I think Blake got the best of the lot this time, grats on the purchase.


----------



## Blaylock-cl (Apr 28, 2006)

FYI...I've been waiting to see JM Boswell's new site and it looks like it's up and running as of today.

http://www.boswellpipes.com/index.html

New pipes coming out tomorrow...Friday!


----------



## Crunkleton (Jul 14, 2008)

I try to smoke a bowl of tobacco at J.M. Boswell's shop every week... they have a great smoking lounge upstairs and samples of their tobacco. 

Boswell's being right in my town is what got me into pipes in the first place. I recommend a visit!


----------



## Blaylock-cl (Apr 28, 2006)

Here's the latest announcement from JM Boswell's site...

_"We will be posting new "Pipes For Sale" next Wednesday & Thursday (10/15 & 10/16)" _.

http://www.boswellpipes.com/

Just wanted to give anyone interested in purchasing one of his pipes, a heads-up. They do tend to sell quick!

p


----------



## Mister Moo (Sep 8, 2005)

Blaylock said:


> Here's the latest announcement from JM Boswell's site...
> 
> _"We will be posting new "Pipes For Sale" next Wednesday & Thursday (10/15 & 10/16)" _.
> 
> ...


This is so nice of you to mention. :tu


----------



## Phlegmatic (Aug 1, 2008)

Number 10,3,5 and 8 please! (lets home father christmas reads this, I know he smokes pipes she he ought too...!!!?) p


----------



## Hermit (Aug 5, 2008)

Thanks for the reminder; just picked up the smooth poker. :tu


----------



## BigKev77 (Feb 16, 2008)

Hermit said:


> Thanks for the reminder; just picked up the smooth poker. :tu


Is that pipe #1? nice pick p


----------



## Hermit (Aug 5, 2008)

bigkev77 said:


> Is that pipe #1? nice pick p


That's the one.


----------



## Hermit (Aug 5, 2008)

Here it is:


----------



## Blaylock-cl (Apr 28, 2006)

I was looking at that poker when I got home from work at around 3:30...and was surprised it didn't have a *SOLD* sign on it. That's sure a great lookin' pipe!

Best of luck with it.


----------



## Hermit (Aug 5, 2008)

Blaylock said:


> I was looking at that poker when I got home from work at around 3:30...and was surprised it didn't have a *SOLD* sign on it. That's sure a great lookin' pipe!
> 
> Best of luck with it.


It does now. :tu
Thanks for the heads-up!
I probably wouldda missed it.


----------



## jeromy (Oct 16, 2008)

sweet pipe. 

Its amazing how fast most of them were snaged up.


----------



## Blaylock-cl (Apr 28, 2006)

jeromy said:


> sweet pipe.
> 
> Its amazing how fast most of them were snaged up.


JM's pipes have become really popular in the past few years. He makes a good product for a reasonable price. His family run business gives one that "mom and pop" feels especially when you visit their store or give them a call to order.

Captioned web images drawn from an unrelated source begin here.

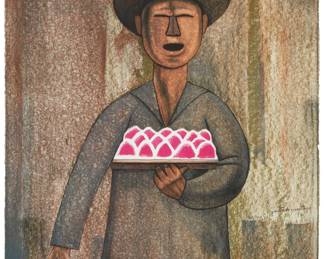 212
Gustavo Montoya
1905-2003, Mexican
"El Merenguero," 1984
Lithograph in colors on BFK Rives paper
Edition: 43/100
Signed, dated, and numbered in pencil near the center of the right edge: Gustavo Montoya 84; Kyron, Mexico, pub., and with their blindstamp lower right; with an ink stamp "GM249-100" on the verso of the lower left corner
Image/Sheet: 30" H x 22" W
Estimate: $300 - $500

"Gotta get up pretty early in the mornin'" to snag one of those nice ones!  

p


----------



## bpcr (May 13, 2006)

You gotta love these pipes for the price and the quality ... i just got the Swirl Classic from him on wensday ... i cannot wait to get it here and fire it up ....:tu


----------



## BigKev77 (Feb 16, 2008)

I don't know if they still do this, but you could call them and tell them what you are looking for and they send a pic of what they have in stock that is close. Give them a shout. They are really nice people.


----------



## drastic_quench (Sep 12, 2008)

Anyone know if they do custom work? I saw on their site that they've incorporated bits of deer antler, and I had the idea for a oom paul shaped pipe that would use a long section of antler for the stem. I'd supply the antler; they'd drill it. Think they'd take that on?

I'd have to save up the scratch for it, of course.


----------



## Nabinger16 (Aug 24, 2007)

Here is a quote from their FAQ section that might answer your question.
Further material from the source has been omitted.